• Twenty-three trusts selected for first phase of Lord Carter’s new review into productivity at mental health and community service organisations
  • NHS Improvement letter to mental health and community service trusts reveals providers chosen for initial six month engagement phase
  • Review will follow a similar structure to Lord Carter’s previous investigation into hospital productivity

More than 20 trusts have been chosen to be part of a new NHS efficiency review led by Lord Carter.

The Labour peer and a team from NHS Improvement will look into organisational productivity and performance at mental health and community service organisations.

Lord Carter7

Lord Carter7

Lord Carter’s first efficiency review was published last year

In a letter seen by HSJ, NHSI said the review will follow a similar structure and methodology to Lord Carter’s previous investigation into acute hospital productivity, published last year.

The letter was written by NHSI director of sector development Luke Edwards, and was sent to all mental health and community trust chief executives and chairs last week.

It reveals the 23 mental health and community service providers that will begin six months of detailed engagement in the first phase of the review with Lord Carter and a team from NHSI’s operational productivity directorate.

The 23 trusts are:

  • 2Gether Foundation Trust;
  • 5 Boroughs Partnership FT;
  • Barnet, Enfield and Haringey Mental Health Trust;
  • Birmingham Community Healthcare FT;
  • Central and North West London FT;
  • Central London Community Healthcare Trust;
  • Derbyshire Community Health Services FT;
  • East London FT;
  • Hertfordshire Community Trust;
  • Hertfordshire Partnership University FT;
  • Kent Community Health FT;
  • Lancashire Care FT;
  • Leeds Community Healthcare Trust;
  • Leicestershire Partnership FT;
  • Lincolnshire Partnership FT;
  • Norfolk Community Health and Care Trust;
  • Northumberland, Tyne and Wear FT;
  • Nottinghamshire Healthcare FT;
  • Oxford Health FT;
  • South West London and St George’s Mental Health Trust;
  • Sussex Partnership FT;
  • Torbay and South Devon FT; and
  • Wirral Community FT.

The engagement phase will focus on developing an understanding of:

  • how mental health and community trusts operate;
  • what “good” looks like;
  • what approaches to improving productivity and efficiency are already in place and opportunities to drive these further; and
  • what metrics and indicators are required to support the development of the model for these sectors.

Mr Edwards wrote that Lord Carter will oversee the new review in his role as a non-executive director of NHS Improvement.

He added: “As you may be aware, as Lord Carter was compiling and finalising his report into operational productivity and performance in NHS acute hospitals, he was contacted by many community and mental health trusts who expressed their willingness to be involved in a similar detailed approach.

“I am pleased to say that we have now commenced the review into community and mental health trusts, building on the approach of the original report.

“His intention is to follow a similar structure and methodology of the acute review, with some significant tailoring to community and mental health.”

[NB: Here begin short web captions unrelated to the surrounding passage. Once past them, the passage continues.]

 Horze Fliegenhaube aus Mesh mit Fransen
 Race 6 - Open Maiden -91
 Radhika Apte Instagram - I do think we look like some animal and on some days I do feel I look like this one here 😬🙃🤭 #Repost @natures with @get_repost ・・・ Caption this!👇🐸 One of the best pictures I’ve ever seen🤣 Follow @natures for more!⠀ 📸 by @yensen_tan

The findings of the engagement phase are expected to be published before the end of 2017, following a consultation with the organisations involved.

Mr Edwards said the team will develop a “benchmarking criteria for an ‘optimal model’ NHS community or mental health care trust”.

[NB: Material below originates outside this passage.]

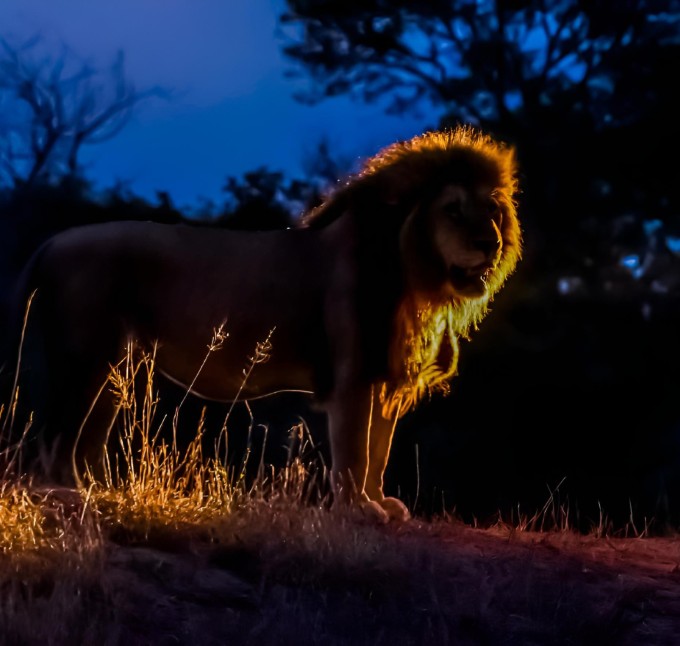 majestic lion standing proudly atop a vibrant ver 2025 02 11 23 52 16 utc Custom Custom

He added: “As we develop our understanding, we will feed these into discussions with trusts.

“This will enable us to jointly scope, iterate and finalise the findings of the review and specify the benchmarking criteria for an ‘optimal model’ NHS community or mental health care trust.

“Some of this will take place by linking the community and mental health trusts to the ongoing implementation of the acute review, but of course there will be many areas where we will need to jointly produce recommendations and solutions that are tailored to the varied work you undertake.”

HSJ understands NHS Improvement plans to extend Lord Carter’s review to all remaining providers including ambulance and specialist acute trusts, and an update will be sent later this year.